Chega quer devolver Joacine ao país de origem
• A proposta de Joacine Katar Moreira para que o património das ex-colónias em museus seja devolvido às comunidades de origem abriu mais uma polémica. Ventura sugeriu que “a própria deputada Joacine seja devolvida ao seu país de origem”.
Ventura promete afastar extremistas
• André Ventura garantiu que “será retirada a confiança política” a todos os dirigentes do partido com ligações a movimentos de extrema-direita. A revista Sábado noticiou que alguns membros dos órgãos sociais do Chega estiveram em movimentos neonazis.
Polémica com o Bloco e “os amigos do charro”
• André Ventura escreveu, nas redes sociais, que o Chega não recebe “lições de moral dos amigos da marijuana e do charro”. Umas horas antes, o deputado Moisés Ferreira, do BE, tinha acusado o Chega de não ter “gente séria” para discutir o Serviço Nacional de Saúde.
Sousa Lara obrigado a demitir-se
• Sousa Lara, porta-voz do Chega na área da segurança interna, demitiu-se do cargo por não renunciar à subvenção estatal vitalícia. O fim das subvenções vitalícias é uma das bandeiras do Chega e, depois de muitas críticas, o ex-governante demitiu-se.

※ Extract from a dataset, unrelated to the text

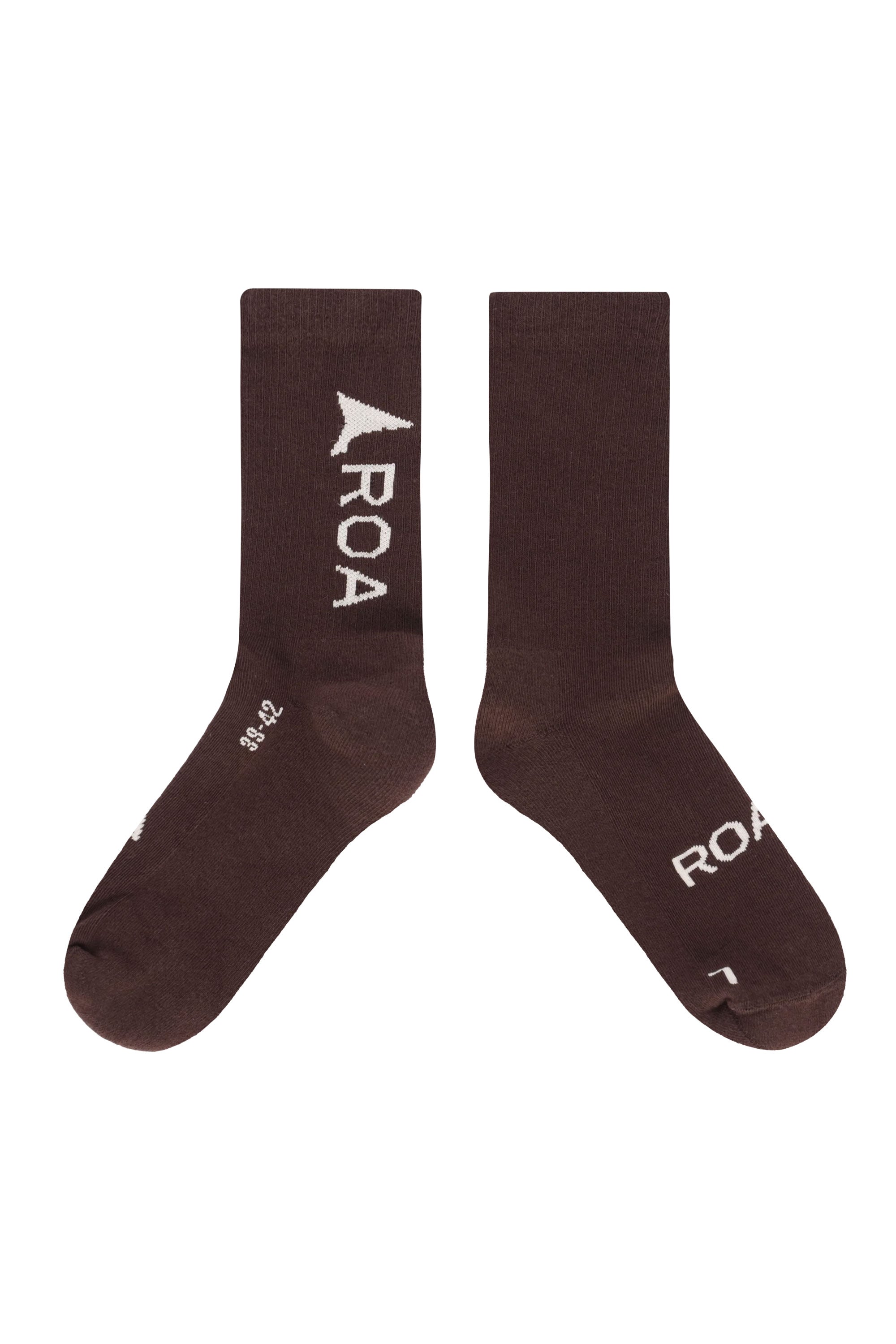 The ROA - LOGO SOCKS DARK BROWN  available online with global shipping, and in PAM Stores Melbourne and Sydney.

Joacine saiu do Livre depois de muitas polémicas
• A tensão entre a direção do Livre e Joacine Katar Moreira durou quase três meses. O partido retirou a confiança política a Joacine e a deputada optou por passar ao estatuto de deputada não inscrita. Joacine desvinculou-se há uma semana do Livre.
“Larguem o osso” e outros tweets do assessor
• Rafael Esteves Martins, assessor de Joacine, manifestou nas redes sociais o seu descontentamento com os jornalistas. “Larguem o osso”, escreveu o assessor, que se queixou de um jornalista que entrou no gabinete da deputada.
Deputada pede segurança para evitar jornalistas
• O assessor de Joacine pediu ao serviço de segurança do Parlamento para acompanhar a deputada porque esta não queria fazer declarações aos jornalistas. O caso gerou polémica e obrigou à intervenção do presidente do Parlamento.
Fotografia com os olhos fechados
• Joacine tentou impedir a publicação de uma fotografia oficial da comissão parlamentar do Ambiente no site do Parlamento, mas sem sucesso. A deputada, eleita pelo Livre, aparecia de olhos fechados nessa fotografia.